Fix 2: Corrected shard mapping in model.safetensors.index.json
Before: Layer 7's q_proj, k_proj, v_proj pointed to wrong shard
After: Corrected to the right shard
| Tensor | Before | After |
|---|---|---|
model.layers.7.self_attn.q_proj.weight |
model-00001-of-00005.safetensors |
model-00002-of-00005.safetensors |
model.layers.7.self_attn.k_proj.weight |
model-00001-of-00005.safetensors |
model-00002-of-00005.safetensors |
model.layers.7.self_attn.v_proj.weight |
model-00001-of-00005.safetensors |
model-00002-of-00005.safetensors |
Why: All other tensors in Layer 7 correctly point to model-00002. This mismatch causes a weight loading error at inference time since the tensors cannot be found in the referenced shard.
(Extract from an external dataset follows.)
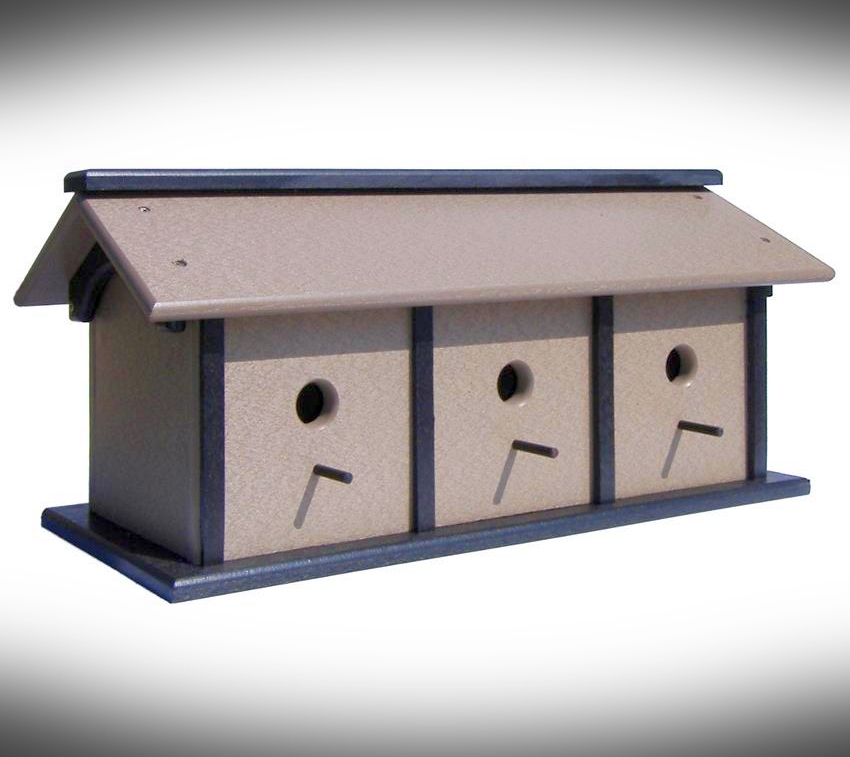 Amish Recycled Poly Triple Condo Bird House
Fix 3: Corrected base_model metadata in README.md
Before: base_model: meta-llama/Meta-Llama-3.1-8B
After: base_model: Qwen/Qwen3-8B
Why: The actual weights (lm_head.weight shape [151936, 4096]) and config (model_type: qwen3, architectures: Qwen3ForCausalLM) confirm this is a Qwen3-8B model. LLaMA 3.1-8B has a vocab size of 128,256, which does not match. This is a metadata-only fix with no effect on inference.
What Was NOT Changed
| Item | Reason |
|---|---|
config.json |
All architecture values match Qwen3-8B spec exactly |
tokenizer_class: "Qwen2Tokenizer" |
Qwen3 intentionally reuses Qwen2Tokenizer (same BPE) |
eos_token_id: [151645, 151643] |
Matches official Qwen3 generation config |
Verification
from transformers import pipeline
import torch
pipe = pipeline(
"text-generation",
model="syj4205/broken-model-fixed",
dtype=torch.bfloat16,
device_map="auto",
)
messages = [{"role": "user", "content": "Who are you?"}]
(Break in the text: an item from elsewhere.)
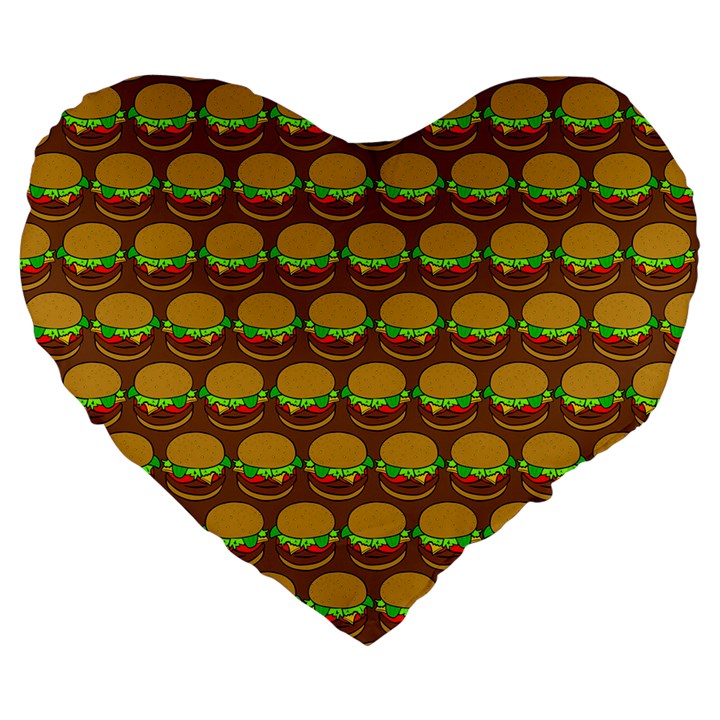 Burger Snadwich Food Tile Pattern Large 19  Premium Flano Heart Shape Cushions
result = pipe(messages, max_new_tokens=40)
print(result[0]["generated_text"][-1]["content"])
Output:
<think> Okay, the user asked, "Who are you?" I need to respond in a friendly and
informative way. Let me start by introducing my name, Qwen...</think>
I'm Qwen, a large language model developed by Alibaba Cloud.